Reid and Oasis colleagues had worked the Williston Basin while with Burlington Resources Inc., including during its days of trying an unfraced, horizontal play in the upper Bakken shale itself in the late 1980s and early 1990s and during its discovery of horizontal pay from the Red River B bench on the Cedar Creek anticline shortly thereafter. They formed Oasis in 2007 with EnCap Investments LP backing, went into the Williston with plans for horizontals in the middle Bakken and took the company public in 2010.
Until this past year, most of its drilling was focused on McKenzie, Williams and southern Mountrail counties in North Dakota to hold that land where lease expiration was pressing and economics had been proven. Meanwhile, in Burke and northern Mountrail counties—just east and southeast of American Eagle’s position in Divide County—it was working to figure out how to make economic wells there. Like American Eagle, it determined it needed to deploy smaller frac jobs. “In the early days, we [and other operators] were just fracing everything the same way across the whole position,” Reid says. “We had well costs peak in the summer of 2012 at $10.5 million.”

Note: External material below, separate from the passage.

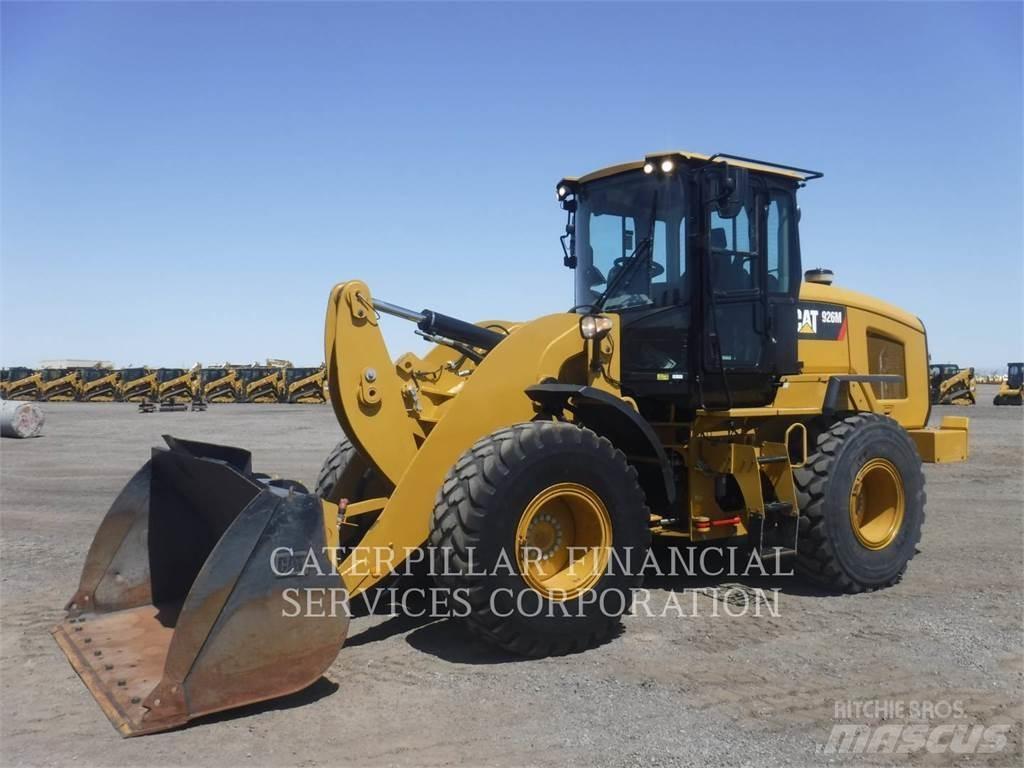 CAT 926M Hjullastare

In Burke County, it switched from its 60% ceramic/40% sand recipe to sand only. It also pared the amount of proppant from 125,000 to 150,000 pounds per frac stage—totaling some 4.5- to 5 million pounds per well—to between 100,000 and 125,000 for a total of about 3.5 million.

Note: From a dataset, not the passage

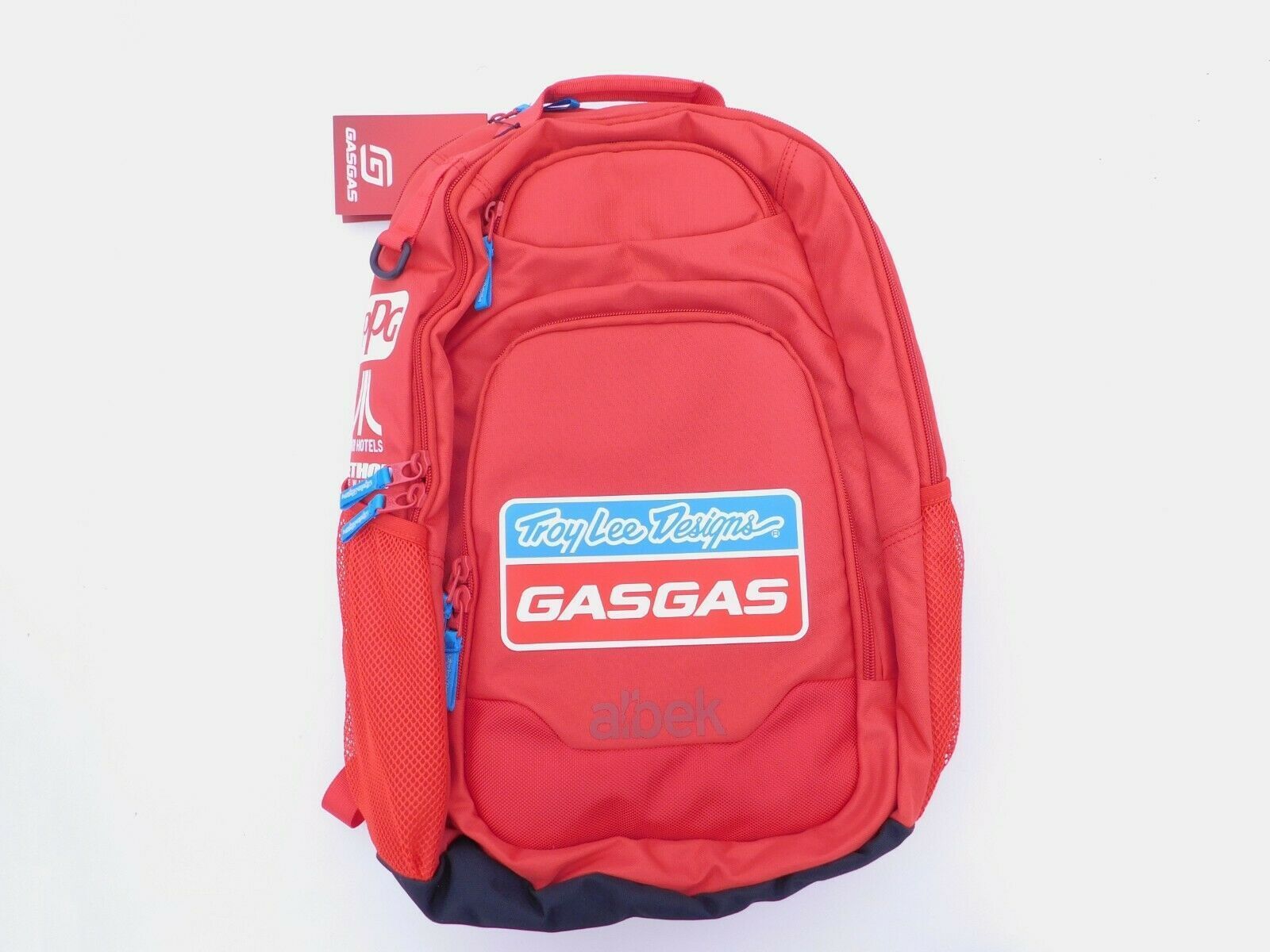 2024 GASGAS TROY LEE DESIGNS TLD TEAM WHITEBRIDGE BACKPACK OEM NEW GENUINE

Bakken and Three Forks in Burke County are at about 9,000 feet; as is the case with the American Eagle leasehold, the rock is not under as much pressure from the weight above it. Reid says, “We figured we could frac with all sand and make the same wells.”
The number of frac stages—more than 30—was unchanged. To keep the frac energy in zone, Oasis pumped thinner cross-linked fluids at lower rates. “We felt that the reduced fluid viscosity and pump-rate would help keep our fracs from growing into higher water saturations around the Bakken and Three Forks that we see in Burke County.”
Adding it up, Oasis was able to drop its well cost in the county from $10.5- to less than $7 million. “We’re also making better wells because we’re keeping more of our frac energy in the producing interval. And we lowered our water cut [and the cost of disposal]. So we took an area that was largely uneconomic into one that is very economic.”
In Burke County, Oasis’ wells have an EUR of between 400,000 and 500,000 BOE. In southern Mountrail, McKenzie and Williams counties, its EUR ranges from between 450,000 and 750,000 BOE. Overall, its midrange for its Bakken wells is 600,000 BOE.
As for Three Forks, it’s applying the same type of frac job in Mountrail County as it applies in the Bakken there. “But, in parts of McKenzie County, in our Indian Hill [Field] position, it’s a little harder to initiate a frac in the Three Forks. The stimulation design tends to use more fluid but it’s not wildly different.”
As for deeper Three Forks benches, he adds, “we’ve drilled a handful of second- and third- bench wells now and the early results have been encouraging. We continue to assess these. Close to 55% of our 2014 drilling program will be Three Forks wells—a lot of that in the first bench but a fair number in the second and third.”
As operators are closer to HBPing their leasehold with Bakken production, “you’re seeing a shift to a much bigger percent of the program being Three Forks going forward,” he says.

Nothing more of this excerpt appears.